Abraham Onoriode Oghobase

Selections from Metallurgical Practice: Landscape, 2019

Selections from Metallurgical Practice: Miners, 2019

Selections from Anatomy of Landscape – Jos, 2018

 

Abraham Onoriode Oghobase

 

Anatomy of Landscape – Jos, 2018 (selections)

8 digital prints, 24” x 42” (each)

Metallurgical Practice: Miners, 2019 (selections)

4 black and white digital prints, 24” x 34” (each)

 

Anatomy of Landscape – Jos, 2018 (selections)

7 prints, 24” x 42” (each)

Metallurgical Practice: Landscape, 2019 (selections)

6 black and white digital prints, 24” x 34” (each)

Metallurgical Practice: Miners, 2019 (selections)

1 black and white digital print, 24” x 34”; 1 window vinyl

Anatomy of Landscape – Jos captures Oghobase’s trip to the Jos Plateau in Central Nigeria in pursuit of residual evidence of British colonial tin mining activities in the region. This investigation entailed surveying ‘mining ponds’ resembling pristine lakes, depleted landscapes, and rock formations. It  ended up taking the artist deep into a landscape where the past and present live and coexist. These images are born of the artist’s impulse to objectively document the land, while subjectively improvising to be present, to have a dialogue with the environment, and to integrate his body with the quiet vistas fraught with histories of exploitation.

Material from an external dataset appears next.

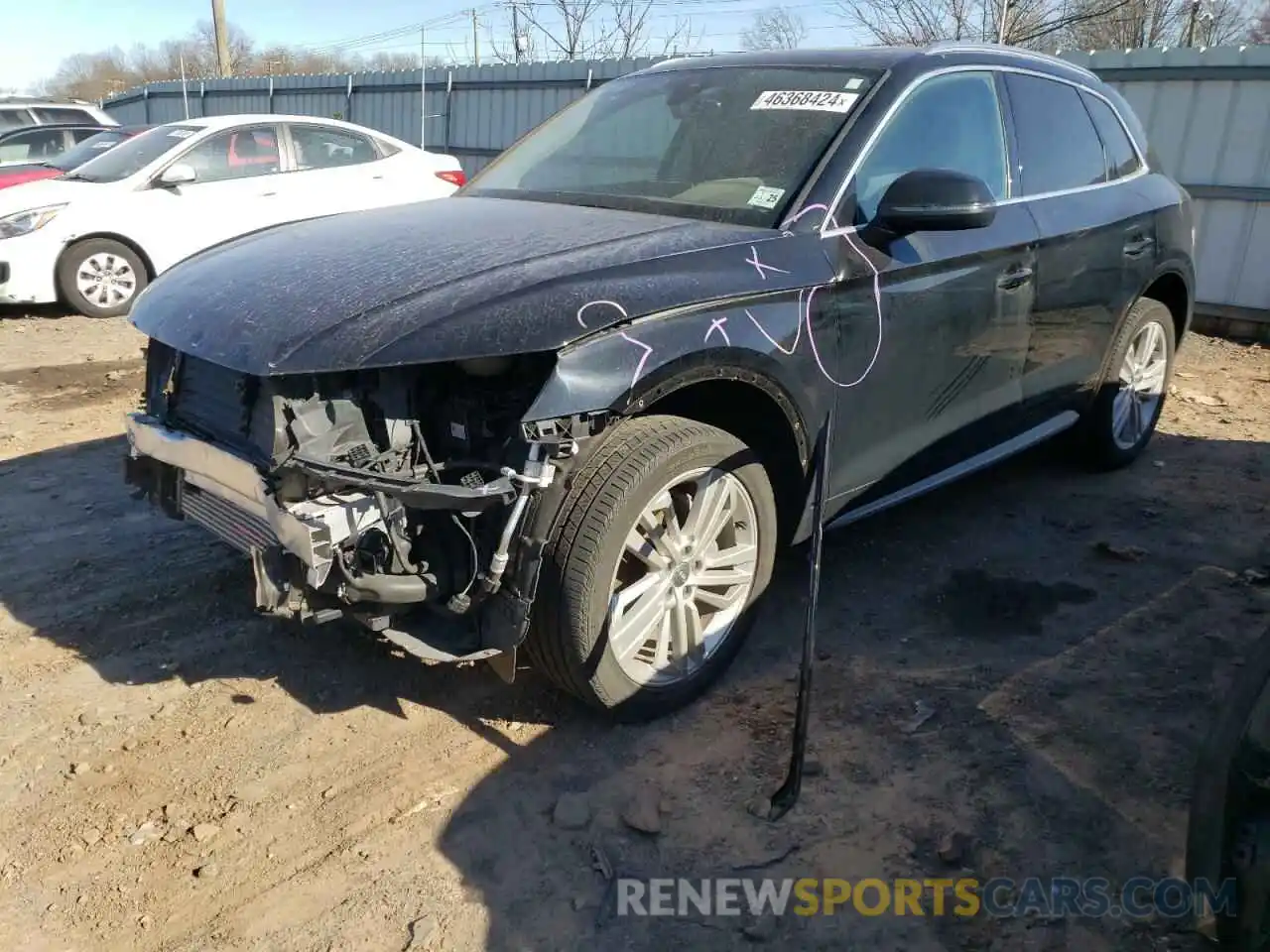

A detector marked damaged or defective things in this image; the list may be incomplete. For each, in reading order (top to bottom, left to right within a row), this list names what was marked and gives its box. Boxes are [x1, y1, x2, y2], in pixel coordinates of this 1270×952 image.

damaged front end [123, 342, 609, 680]
crumpled hood [123, 195, 818, 378]
damaged black suv [123, 43, 1194, 715]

Metallurgical Practice: Miners extends the artist’s investigation of Jos. Onto the images of portraits of local miners, Oghobase superimposes mining diagrams found in Rand Metallurgical Practice, two volumes of methodological diagrams published in 1912 in Johannesburg. Drawn by British colonial engineers and administrators, the metallurgical diagrams are elegant in their abstract and utilitarian logic, and contrast coldly with the haggard undulation of the river crisscrossing the indelibly scarred land. The miners become anthropomorphic extensions of the machinery that are labeled ‘tube mill cone’ and ‘pebble bucket’, inexpressive of the harmful health problems caused by daily exposure to chemical by-products in mining. Through excavating the psychological and historical strata of the landscape, Metallurgical Practice reveals the detrimental impact and enduring legacy of colonial extractivism, and the ghostly haunting of continual human exploitation on our planet.

Abraham Onoriode Oghobase (b. 1979, Lagos) lives and works in Toronto. For almost two decades, he has embraced photography as a way of exploring socio-economic, environmental, and historic geographies. Oghobase confronts issues around knowledge production, land, colonial history, and representation. His work has been exhibited widely, including at the Rencontres de Bamako African Biennial of Photography (2019), the Center for Contemporary Art, Lagos and Kadist, Paris (2021), MoMA, New York (2023), the Nigeria Pavilion at the Venice Biennale (2024), and the Toronto Biennial (2024).